Б. Среди художников, обладающих какой-то культурой, точнее, мастерством, ты назвал…
М. Техническим мастерством…
Б. Да, ты назвал Кабакова, Булатова и Нахову. Действительно, очень удобно их сопоставить, особенно Кабакова и Нахову, в связи с их подходом к созданию эстетических пространств, которые строятся так, что в них зритель попадает «внутрь». Мне кажется, что семантика и метафизическая интерпретация этих «вхождений» у них различная. На мой взгляд, традиция семидесятых годов состояла в том, что эстетическая автономия и тем самым «пустота» метафизического пространства «внутри картины» возникали как результат усилий по нейтрализации, снятии или опустошению…

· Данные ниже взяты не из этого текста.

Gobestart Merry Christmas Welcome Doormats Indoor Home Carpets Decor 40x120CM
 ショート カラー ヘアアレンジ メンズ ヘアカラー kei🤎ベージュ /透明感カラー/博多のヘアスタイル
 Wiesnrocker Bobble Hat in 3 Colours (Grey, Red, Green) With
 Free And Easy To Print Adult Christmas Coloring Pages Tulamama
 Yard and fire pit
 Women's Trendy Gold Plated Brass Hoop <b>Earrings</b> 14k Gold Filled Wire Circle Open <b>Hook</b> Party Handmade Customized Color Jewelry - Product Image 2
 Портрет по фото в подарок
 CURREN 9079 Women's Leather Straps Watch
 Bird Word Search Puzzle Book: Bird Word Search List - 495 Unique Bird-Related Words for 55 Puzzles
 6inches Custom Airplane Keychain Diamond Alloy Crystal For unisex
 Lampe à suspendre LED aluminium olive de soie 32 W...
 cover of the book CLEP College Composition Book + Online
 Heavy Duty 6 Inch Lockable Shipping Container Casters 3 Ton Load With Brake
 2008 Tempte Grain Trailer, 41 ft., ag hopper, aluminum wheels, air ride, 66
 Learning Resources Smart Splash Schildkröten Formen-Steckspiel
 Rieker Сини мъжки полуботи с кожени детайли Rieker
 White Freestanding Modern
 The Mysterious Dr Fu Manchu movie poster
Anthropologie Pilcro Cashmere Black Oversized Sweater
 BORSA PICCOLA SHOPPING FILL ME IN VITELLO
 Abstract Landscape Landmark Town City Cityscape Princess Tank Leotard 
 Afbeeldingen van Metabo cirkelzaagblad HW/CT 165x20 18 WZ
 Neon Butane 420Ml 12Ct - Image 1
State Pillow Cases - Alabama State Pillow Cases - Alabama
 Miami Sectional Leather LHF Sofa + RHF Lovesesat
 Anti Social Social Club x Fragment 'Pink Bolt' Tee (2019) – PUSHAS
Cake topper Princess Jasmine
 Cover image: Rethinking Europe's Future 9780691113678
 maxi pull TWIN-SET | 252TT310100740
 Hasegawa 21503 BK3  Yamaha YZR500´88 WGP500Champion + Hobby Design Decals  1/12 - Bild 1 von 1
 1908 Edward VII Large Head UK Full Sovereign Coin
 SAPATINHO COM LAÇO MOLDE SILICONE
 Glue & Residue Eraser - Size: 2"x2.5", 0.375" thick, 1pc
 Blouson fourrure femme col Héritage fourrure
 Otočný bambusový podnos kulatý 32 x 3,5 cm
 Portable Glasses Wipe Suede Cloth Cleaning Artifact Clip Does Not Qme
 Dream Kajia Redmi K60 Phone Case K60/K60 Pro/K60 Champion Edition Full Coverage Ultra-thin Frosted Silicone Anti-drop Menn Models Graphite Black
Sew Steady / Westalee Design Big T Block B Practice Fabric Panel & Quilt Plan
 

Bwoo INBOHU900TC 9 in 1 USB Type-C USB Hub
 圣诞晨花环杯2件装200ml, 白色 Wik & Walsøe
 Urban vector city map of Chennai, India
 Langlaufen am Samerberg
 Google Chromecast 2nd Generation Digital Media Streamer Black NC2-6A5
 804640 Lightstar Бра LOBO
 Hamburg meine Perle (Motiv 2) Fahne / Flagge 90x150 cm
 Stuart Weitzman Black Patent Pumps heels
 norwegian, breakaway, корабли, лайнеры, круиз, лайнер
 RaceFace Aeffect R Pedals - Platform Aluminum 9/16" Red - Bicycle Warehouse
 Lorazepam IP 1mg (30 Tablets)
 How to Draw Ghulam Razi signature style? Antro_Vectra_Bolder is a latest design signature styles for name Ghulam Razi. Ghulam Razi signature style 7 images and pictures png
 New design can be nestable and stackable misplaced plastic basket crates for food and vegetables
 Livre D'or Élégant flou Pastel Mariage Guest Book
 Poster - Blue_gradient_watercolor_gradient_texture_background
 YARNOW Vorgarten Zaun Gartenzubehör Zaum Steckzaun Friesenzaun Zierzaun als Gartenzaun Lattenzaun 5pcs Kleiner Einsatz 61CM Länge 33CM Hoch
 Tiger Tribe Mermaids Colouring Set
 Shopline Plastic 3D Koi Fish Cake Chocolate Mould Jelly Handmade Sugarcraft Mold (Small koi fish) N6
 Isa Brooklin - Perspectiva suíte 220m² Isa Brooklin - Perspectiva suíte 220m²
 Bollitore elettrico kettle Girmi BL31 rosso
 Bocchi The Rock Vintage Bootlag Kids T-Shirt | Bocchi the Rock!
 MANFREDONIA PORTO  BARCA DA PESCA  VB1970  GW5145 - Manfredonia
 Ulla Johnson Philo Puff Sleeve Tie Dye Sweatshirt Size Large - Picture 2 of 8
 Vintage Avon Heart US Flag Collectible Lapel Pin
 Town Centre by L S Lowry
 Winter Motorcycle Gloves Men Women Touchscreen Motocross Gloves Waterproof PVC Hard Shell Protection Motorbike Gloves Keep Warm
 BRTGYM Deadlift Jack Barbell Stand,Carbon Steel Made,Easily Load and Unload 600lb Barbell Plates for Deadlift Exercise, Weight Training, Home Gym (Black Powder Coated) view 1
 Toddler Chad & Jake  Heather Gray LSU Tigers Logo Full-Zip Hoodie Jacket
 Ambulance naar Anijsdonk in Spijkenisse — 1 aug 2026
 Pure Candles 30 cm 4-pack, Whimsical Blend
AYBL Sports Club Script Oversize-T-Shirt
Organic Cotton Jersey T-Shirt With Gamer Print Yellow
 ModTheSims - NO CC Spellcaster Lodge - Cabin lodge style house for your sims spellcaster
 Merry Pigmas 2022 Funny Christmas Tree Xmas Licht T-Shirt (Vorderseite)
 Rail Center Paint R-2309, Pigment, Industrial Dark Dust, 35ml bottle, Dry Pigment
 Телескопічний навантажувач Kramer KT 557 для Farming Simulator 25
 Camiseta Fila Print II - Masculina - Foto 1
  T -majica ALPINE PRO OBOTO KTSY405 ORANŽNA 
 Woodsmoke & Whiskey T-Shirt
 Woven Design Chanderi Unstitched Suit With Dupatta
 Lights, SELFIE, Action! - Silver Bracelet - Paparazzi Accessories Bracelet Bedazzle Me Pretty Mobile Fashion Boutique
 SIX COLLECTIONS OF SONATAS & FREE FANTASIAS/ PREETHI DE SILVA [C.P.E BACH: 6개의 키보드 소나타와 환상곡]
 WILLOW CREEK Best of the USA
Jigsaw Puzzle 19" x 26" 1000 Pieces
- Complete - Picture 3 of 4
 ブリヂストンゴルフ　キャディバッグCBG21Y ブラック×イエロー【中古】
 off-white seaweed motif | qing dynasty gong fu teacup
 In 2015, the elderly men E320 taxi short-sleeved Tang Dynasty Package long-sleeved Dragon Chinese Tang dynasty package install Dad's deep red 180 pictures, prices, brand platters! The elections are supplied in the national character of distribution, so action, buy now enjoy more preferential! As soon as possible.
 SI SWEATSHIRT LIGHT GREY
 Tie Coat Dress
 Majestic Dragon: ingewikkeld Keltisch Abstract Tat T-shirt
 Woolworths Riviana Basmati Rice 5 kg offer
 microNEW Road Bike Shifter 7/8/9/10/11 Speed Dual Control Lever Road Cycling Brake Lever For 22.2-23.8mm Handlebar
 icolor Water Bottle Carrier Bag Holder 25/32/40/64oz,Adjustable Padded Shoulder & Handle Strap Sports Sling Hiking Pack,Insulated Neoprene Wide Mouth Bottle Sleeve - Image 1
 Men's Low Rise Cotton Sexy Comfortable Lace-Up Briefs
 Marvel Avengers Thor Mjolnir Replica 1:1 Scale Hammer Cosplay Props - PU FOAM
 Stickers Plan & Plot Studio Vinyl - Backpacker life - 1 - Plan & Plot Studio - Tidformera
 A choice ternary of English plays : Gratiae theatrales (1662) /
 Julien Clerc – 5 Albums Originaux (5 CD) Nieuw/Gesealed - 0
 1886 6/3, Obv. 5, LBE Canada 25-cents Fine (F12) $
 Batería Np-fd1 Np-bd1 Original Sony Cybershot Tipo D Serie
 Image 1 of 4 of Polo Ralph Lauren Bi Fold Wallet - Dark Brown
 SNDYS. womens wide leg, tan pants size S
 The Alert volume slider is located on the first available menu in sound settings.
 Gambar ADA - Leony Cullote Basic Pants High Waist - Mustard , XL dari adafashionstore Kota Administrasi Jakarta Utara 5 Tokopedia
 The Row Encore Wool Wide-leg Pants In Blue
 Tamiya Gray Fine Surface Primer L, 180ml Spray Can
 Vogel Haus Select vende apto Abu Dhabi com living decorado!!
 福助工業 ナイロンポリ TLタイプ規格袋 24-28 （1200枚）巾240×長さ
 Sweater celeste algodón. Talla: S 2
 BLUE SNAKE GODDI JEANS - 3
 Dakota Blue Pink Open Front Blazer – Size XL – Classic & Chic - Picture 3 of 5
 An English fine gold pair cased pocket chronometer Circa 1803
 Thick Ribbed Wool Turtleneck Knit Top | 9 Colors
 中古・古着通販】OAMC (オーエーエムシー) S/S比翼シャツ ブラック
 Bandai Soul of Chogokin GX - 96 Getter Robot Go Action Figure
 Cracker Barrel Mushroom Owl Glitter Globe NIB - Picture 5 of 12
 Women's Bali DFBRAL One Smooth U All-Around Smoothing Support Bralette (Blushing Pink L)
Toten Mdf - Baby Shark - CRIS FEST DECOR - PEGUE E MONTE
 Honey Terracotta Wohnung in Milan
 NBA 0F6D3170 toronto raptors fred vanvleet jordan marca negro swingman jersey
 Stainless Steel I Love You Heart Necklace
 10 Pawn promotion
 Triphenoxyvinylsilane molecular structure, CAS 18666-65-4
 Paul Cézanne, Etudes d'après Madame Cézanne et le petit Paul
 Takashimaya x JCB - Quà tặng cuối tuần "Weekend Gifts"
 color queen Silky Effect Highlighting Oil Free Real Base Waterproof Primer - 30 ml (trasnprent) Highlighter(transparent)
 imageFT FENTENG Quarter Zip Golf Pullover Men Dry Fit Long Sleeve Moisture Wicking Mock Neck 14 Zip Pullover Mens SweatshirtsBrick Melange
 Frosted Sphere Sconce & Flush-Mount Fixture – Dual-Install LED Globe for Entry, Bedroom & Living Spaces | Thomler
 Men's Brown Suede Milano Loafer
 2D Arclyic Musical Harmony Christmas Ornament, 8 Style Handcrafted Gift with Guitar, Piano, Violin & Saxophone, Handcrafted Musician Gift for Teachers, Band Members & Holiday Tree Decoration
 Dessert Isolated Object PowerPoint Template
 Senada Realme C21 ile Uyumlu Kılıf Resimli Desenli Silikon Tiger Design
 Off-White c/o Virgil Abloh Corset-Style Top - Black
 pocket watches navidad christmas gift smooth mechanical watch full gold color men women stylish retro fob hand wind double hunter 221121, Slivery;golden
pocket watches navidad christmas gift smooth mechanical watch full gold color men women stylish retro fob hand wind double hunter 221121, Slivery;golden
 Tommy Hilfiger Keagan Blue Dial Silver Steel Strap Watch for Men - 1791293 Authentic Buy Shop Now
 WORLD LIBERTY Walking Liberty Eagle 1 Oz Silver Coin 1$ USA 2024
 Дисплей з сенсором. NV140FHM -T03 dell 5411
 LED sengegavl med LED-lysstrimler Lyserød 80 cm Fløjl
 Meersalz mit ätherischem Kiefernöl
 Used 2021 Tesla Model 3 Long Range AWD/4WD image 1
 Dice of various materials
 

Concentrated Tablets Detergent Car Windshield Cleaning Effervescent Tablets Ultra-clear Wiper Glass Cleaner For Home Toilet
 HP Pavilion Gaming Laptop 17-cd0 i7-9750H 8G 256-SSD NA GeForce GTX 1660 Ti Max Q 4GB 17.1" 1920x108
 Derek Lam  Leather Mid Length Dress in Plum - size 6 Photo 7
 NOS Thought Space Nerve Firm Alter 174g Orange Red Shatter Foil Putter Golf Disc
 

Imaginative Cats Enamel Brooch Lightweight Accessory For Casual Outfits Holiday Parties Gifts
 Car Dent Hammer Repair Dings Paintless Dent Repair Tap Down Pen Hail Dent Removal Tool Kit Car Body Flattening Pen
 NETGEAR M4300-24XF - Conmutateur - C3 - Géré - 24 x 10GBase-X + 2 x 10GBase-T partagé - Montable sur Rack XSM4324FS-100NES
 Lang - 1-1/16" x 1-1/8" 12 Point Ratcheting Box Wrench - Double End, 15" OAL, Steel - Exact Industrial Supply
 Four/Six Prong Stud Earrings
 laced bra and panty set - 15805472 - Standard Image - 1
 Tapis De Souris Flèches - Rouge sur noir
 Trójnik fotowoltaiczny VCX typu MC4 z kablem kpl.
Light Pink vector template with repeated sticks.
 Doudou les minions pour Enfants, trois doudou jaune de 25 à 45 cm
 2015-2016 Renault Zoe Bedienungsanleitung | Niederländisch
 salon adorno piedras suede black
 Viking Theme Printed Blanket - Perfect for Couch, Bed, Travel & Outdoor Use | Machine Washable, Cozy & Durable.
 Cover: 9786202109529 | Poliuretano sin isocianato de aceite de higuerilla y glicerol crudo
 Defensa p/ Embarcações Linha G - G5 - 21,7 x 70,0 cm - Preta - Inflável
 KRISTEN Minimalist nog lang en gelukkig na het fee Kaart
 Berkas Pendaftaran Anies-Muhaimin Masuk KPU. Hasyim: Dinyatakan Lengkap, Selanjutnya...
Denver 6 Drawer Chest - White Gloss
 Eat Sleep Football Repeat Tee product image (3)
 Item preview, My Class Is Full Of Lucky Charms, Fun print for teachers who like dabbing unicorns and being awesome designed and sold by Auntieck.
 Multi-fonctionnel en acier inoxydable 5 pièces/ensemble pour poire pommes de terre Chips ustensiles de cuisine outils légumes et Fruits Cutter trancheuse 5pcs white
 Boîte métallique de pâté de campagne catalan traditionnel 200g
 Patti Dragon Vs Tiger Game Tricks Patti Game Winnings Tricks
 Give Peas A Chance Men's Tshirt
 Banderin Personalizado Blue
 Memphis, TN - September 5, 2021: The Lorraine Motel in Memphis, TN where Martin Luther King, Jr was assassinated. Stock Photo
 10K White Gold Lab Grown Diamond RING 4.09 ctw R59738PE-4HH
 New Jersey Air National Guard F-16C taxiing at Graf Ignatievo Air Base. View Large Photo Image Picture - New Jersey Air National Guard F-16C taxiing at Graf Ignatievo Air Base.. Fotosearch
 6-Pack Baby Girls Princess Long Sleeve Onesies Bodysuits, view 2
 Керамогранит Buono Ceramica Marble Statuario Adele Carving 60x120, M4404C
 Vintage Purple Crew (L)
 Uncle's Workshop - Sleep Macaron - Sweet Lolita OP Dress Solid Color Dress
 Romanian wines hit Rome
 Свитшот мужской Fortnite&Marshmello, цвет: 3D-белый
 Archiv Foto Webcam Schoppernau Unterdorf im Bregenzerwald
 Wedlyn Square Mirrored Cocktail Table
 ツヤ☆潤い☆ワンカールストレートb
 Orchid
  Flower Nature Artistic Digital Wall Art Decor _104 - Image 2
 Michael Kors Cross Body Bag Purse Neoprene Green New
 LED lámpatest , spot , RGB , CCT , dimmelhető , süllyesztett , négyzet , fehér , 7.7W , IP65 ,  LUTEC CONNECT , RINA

М. Идеологических «внешних» пространств…
Б. Да. Этих слоев. В работах Кабакова, в его «комнатах» мы видим некоторую «сквозность». Это геодезический термин. С помощью этого термина в геодезии обозначают требования к застройке на пляжах. Оказывается, нельзя строить длинные сооружения с очень длинными фундаментами вдоль пляжа, потому что они разрушаются благодаря работе моря. Нужно обязательно застраивать с интервалами, с зазорами. И вот эту застройку они называют термином «сквозность». В твоей работе «Палец» очень наглядно представлена эта «сквозность». Я хочу сказать, что и эта работа, и комнаты Кабакова устроены таким образом, в них достигается некий баланс. Прежде всего экзистенциальный баланс, то есть заполненность демонстрационного пространства, благодаря включенности в которое мы понимаем исторические и идеологические контексты вещи. И дальше, с помощью особых приемов, достигается высвобождение из этого пространства. Потребность в этом высвобождении возникает постольку, поскольку оно дается как достаточно тягостное. Но авторы предоставляют средства для этого высвобождения, для выхода из этого пространства. Степень свободы выхода из этого пространства сбалансирована степенью экзистенциальной плотности предъявленной среды. Соблюдается «сквозность»: мы как бы «залипаем» туда, нечто переживаем, но нас все равно оттуда вытаскивают.